Your application is steadily running out of memory, threatening to crash the entire container.
You need to project future revenue based upon observed seasonal and trend patterns.
While NRQL predictions themselves do not identify potential issues, they equip you with the information you need to assess trends and plan for future challenges. To generate alerts when the predicted values indicate an impending problem, you can use the Predictive Alerts feature. Predictive Alerts work alongside NRQL predictions to generate predictions for your metrics and alert when those predicted values pass a static threshold.
Pricing
The NRQL predictions is an Advanced Compute Product feature offered as an add-on or as a part of the Compute pricing model. Advanced CCUs are consumed when NRQL queries are executed for this feature.
Usage
NRQL predictions can be generated in two ways: either directly on charts you have already created or by writing a NRQL query using the PREDICT clause.
You can add NRQL predictions only to charts that depict time series data, such as line or area charts.
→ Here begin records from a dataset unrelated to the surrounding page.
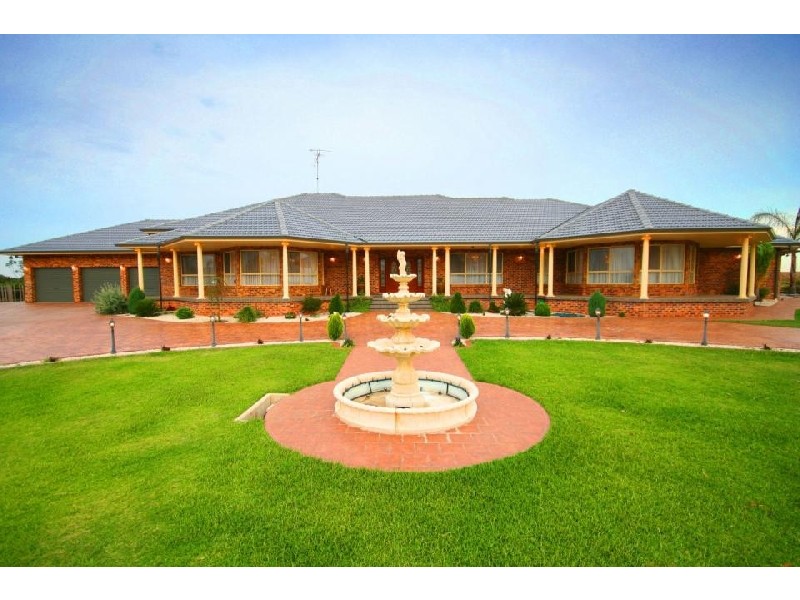 Greenhills Drive, Silverdale NSW 2752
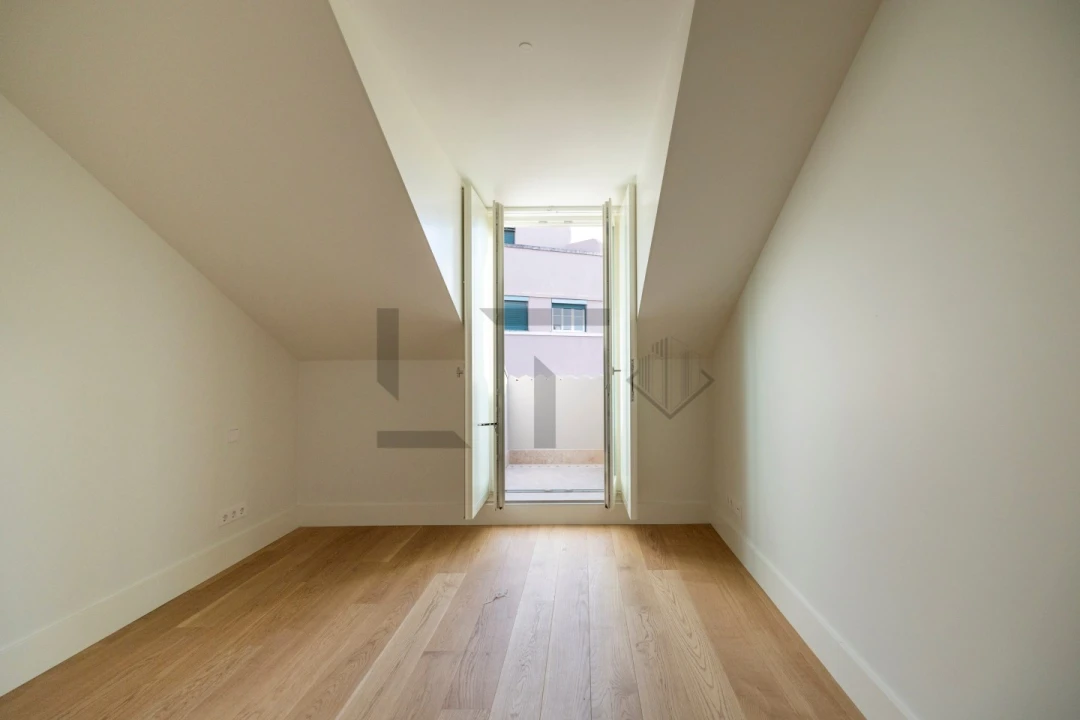 Apartamento T3 para Venda em Santo António Foto 14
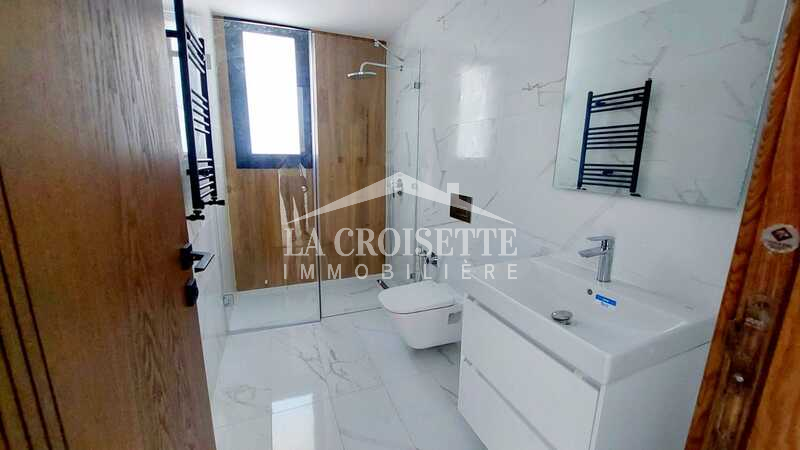 Appartement S+3 avec jardin et piscine à Ain Zaghouan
To add a NRQL prediction to an existing chart, perform the steps as follows:
To add predictions to a line or area chart, select it from Dashboards, or open it from Metrics and events.
Add predictions
To add a prediction to charts in dashboards, from the menu, select Predict trend. The Predict trend option is not available for charts in curated dashboards, which are system-generated and non-editable dashboards designed for specific services. So, from the menu, select View Query and add the PREDICT clause to the query.
In Data Explorer, the prediction appears on the chart highlighted in a gray area with a dashed line connecting the predicted values, representing the NRQL predictions default behavior. You can refine the query by fine-tuning according to your requirements and re-run it to get the updated predictions.
팁
When you add predictions to an area chart, it changes to a line chart containing the predictions.
Add to dashboard
To add a chart containing predictions to a dashboard:
Click Add to dashboard.
Enter a widget name.
Either select an existing dashboard or create a new one.
The NRQL syntax includes the PREDICT clause to streamline the use of NRQL predictions. For usage details and examples, refer to the default behavior section.
The usage of the default PREDICT clause provides the best prediction results.
The PREDICT clause in a query comes with the following default behaviors which are dependent upon your query window duration (specified using the SINCE and UNTIL clauses):
Default behavior
Seasonality
Automatically detects whether seasonality is present in the historic data. If seasonality is detected, the identified season length is used to generate a seasonal model, otherwise a non-seasonal model is used. We currently support seasonal lengths of hourly, daily, and weekly. For more details on seasonality, refer to the algorithm section.
Algorithm hyperparameters
Hyperparameters are automatically optimized and selected based on the historical data.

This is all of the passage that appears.